Matt’s and Aaron’s spatial audio is paving the way. As Carole noted, “I was astounded to learn that 75% of fish families—maybe even more—talk.”
Because fish make sound internally, even direct observation can’t always tell you which fish are making which sounds. Using 360-degree cameras paired with audio, Matt and Aaron began to catalog fish species, sound by sound.
Eventually, Matt, Aaron, and other scientists will need to have a reliable way to match the sounds they capture to species without direct observation. “Matt and Aaron basically have to create the reference library for fish species sounds,” explains Carole.
As of now, only 5% of the world’s oceans have been studied, so Matt and Aaron’s approach to cataloging sounds opens up the potential to do oceanic population studies all over the globe.
But that’s one thing the Lab is uncommonly good at: building a vast reference library of sounds found in nature. As Aaron says, “The Macaulay Library at the Cornell Lab already hosts the largest repository of fish sounds in the world, but Matt and I have been trying to add to it and expand it.”
An Early Detection System for Ocean Health
Once they have a robust reference library of fish sounds in hand, Matt and team will no longer need 360-degree cameras and can instead deploy low-cost, passive audio recorders at scale. As Aaron says, “Reefs may be gone by 2050. So we really have an opportunity to bring this cutting-edge technology to the global-scale problem of declining coral reefs.”
Just like birds, coral reefs are uncanny indicators of overall ecological health. That’s why the plan is to replicate the Curaçao approach elsewhere, “catch ecosystems that are starting to deteriorate early on,” as Carole puts it, and ultimately set up a global detection system for ocean health.
Just like birds, coral reefs are uncanny indicators of overall ecological health.
Matt has just been awarded a Fulbright fellowship to return to Curaçao and continue his research. “I’ll be staying in the captain’s quarters in the sister ship of the Calypso, Jacques Cousteau’s research vessel.”
Part of Matt’s mission during his Fulbright is to empower local marine biologists to do this kind of research and own the process. “Often they are tuned into what the important questions are.” Matt and a team of local scientists and engineers will be installing a 90-ton glass-walled classroom and restaurant 40 feet below the ocean surface. The director of the research center told Matt, “It’s really like a silent movie down here!” Matt’s response: “Why don’t we integrate spatial audio?” This means that someone in a wheelchair can watch a pristine coral reef 40 feet below the surface and listen to the community of fish click, pop, grumble, and boom.

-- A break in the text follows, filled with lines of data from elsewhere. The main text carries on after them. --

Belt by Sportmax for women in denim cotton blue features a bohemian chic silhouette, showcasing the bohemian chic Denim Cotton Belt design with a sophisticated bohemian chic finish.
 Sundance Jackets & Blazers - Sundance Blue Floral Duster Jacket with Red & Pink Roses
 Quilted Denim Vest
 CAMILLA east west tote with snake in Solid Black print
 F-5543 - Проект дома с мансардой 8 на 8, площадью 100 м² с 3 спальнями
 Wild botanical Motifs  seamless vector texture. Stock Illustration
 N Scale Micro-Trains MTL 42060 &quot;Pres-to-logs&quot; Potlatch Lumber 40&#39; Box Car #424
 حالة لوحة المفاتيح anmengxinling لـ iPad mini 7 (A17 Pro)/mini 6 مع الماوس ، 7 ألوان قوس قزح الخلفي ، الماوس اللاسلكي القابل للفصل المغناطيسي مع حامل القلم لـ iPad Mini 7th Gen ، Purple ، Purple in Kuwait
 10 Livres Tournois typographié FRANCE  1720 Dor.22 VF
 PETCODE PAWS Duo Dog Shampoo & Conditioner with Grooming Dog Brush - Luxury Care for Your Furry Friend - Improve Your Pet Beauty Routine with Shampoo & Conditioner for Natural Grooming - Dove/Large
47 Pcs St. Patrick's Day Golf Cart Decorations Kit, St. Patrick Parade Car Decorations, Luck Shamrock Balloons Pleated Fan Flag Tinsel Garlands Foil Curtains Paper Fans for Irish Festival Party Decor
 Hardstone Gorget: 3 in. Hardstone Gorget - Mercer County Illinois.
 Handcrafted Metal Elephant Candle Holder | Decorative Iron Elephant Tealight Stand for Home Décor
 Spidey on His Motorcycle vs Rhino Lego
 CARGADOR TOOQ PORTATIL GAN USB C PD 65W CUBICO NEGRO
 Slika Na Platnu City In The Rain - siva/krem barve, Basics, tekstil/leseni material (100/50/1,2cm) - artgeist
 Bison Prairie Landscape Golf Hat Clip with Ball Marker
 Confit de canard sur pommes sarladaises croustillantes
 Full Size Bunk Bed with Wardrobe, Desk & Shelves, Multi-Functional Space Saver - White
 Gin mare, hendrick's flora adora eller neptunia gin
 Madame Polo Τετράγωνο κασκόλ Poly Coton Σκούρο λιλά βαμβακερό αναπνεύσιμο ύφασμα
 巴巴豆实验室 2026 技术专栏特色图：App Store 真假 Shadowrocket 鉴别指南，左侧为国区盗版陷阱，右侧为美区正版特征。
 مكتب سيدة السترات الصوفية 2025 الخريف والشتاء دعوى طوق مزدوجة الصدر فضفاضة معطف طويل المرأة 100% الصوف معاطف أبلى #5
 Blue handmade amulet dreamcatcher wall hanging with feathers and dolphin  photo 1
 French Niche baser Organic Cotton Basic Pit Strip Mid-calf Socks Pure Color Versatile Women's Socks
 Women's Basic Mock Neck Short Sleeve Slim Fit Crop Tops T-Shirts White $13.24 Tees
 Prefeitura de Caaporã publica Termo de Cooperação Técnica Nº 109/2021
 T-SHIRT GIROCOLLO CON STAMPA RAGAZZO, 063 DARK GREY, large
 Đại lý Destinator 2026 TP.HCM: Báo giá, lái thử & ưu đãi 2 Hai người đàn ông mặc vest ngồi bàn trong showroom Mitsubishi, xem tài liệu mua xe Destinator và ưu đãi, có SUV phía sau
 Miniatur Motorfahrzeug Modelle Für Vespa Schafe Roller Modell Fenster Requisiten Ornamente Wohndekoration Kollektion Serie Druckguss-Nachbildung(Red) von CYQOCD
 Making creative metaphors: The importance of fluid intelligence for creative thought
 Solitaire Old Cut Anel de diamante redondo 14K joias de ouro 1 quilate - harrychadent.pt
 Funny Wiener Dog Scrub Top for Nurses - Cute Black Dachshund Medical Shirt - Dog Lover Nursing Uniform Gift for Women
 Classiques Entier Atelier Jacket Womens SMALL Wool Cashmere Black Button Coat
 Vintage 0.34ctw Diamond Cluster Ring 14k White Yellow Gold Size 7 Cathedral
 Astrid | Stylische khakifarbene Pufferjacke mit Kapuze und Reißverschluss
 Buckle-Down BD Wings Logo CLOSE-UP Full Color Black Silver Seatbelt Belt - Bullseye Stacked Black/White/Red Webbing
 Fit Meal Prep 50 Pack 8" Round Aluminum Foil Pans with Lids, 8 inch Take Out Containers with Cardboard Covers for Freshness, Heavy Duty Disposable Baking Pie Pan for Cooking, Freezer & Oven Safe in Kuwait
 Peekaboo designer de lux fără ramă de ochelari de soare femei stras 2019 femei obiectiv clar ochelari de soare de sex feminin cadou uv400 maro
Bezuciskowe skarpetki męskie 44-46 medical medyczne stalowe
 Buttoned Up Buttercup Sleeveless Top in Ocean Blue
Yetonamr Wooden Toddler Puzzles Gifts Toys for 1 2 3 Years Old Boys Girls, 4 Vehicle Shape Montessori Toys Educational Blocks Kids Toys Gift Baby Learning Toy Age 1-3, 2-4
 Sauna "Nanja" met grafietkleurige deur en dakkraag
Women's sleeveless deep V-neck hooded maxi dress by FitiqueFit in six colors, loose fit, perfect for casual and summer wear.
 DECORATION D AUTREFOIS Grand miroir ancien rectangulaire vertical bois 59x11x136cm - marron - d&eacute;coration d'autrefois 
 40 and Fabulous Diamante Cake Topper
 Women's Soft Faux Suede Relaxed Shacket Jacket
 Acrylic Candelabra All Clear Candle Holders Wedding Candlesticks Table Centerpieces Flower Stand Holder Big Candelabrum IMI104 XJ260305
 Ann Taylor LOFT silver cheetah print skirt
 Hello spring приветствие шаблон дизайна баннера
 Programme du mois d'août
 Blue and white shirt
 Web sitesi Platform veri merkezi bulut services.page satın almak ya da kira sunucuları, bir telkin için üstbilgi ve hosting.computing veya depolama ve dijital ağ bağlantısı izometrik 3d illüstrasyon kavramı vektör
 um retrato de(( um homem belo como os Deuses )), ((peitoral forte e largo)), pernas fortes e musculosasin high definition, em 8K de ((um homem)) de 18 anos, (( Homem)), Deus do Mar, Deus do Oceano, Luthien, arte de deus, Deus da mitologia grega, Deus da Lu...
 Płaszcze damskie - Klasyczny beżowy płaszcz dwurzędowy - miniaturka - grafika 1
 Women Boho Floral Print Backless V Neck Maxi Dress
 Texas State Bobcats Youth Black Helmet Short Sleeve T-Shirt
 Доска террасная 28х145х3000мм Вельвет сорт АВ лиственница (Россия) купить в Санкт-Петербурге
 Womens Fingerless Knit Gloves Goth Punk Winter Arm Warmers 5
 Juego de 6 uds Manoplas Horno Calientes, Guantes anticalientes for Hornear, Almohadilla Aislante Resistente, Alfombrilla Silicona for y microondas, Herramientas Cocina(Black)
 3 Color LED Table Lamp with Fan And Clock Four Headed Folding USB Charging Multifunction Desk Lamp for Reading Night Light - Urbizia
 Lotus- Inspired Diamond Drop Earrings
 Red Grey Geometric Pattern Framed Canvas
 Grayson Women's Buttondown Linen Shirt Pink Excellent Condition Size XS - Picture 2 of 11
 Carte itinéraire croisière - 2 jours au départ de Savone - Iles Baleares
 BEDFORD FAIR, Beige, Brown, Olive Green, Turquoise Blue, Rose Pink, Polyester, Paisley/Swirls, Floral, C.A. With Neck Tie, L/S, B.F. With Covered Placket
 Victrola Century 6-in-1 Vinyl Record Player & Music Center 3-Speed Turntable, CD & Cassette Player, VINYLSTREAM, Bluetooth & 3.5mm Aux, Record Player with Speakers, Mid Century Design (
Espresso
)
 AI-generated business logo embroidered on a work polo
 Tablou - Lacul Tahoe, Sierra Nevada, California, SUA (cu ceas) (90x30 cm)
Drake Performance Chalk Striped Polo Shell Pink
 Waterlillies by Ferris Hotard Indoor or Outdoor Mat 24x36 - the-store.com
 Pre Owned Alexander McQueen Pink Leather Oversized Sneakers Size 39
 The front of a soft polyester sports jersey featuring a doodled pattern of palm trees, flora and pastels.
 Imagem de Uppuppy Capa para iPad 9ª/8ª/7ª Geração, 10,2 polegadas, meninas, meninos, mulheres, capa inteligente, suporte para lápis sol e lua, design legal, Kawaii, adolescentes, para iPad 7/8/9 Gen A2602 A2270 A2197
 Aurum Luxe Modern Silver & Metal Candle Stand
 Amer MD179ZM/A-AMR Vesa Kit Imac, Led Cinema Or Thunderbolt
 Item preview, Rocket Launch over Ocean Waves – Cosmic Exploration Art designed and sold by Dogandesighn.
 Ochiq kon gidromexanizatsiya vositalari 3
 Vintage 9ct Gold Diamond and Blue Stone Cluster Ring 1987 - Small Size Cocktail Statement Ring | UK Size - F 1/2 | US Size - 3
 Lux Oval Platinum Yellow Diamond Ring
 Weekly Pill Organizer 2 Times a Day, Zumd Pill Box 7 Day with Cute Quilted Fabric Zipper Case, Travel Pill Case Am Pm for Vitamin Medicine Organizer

“Birds are charismatic because we can see them communicating,” Matt says. “And yet, the majority of the population has never seen a fish talk to another fish.”
Thirteen years in, Carole’s project is the longest-running deep reef study in the world—and it’s the only one with this degree of community outreach and local capacity building. Of course, scientists and organizations the world over are monitoring ocean chemistry and temperature. But we don’t yet know how those changes affect biodiversity—and, as Carole says, “there’s no coordination across reference libraries or tech.”
“We need a leader in this effort,” she adds, “someone who can head a global monitoring program for deep reefs through underwater acoustics. The Cornell Lab of Ornithology is who I want at the table.”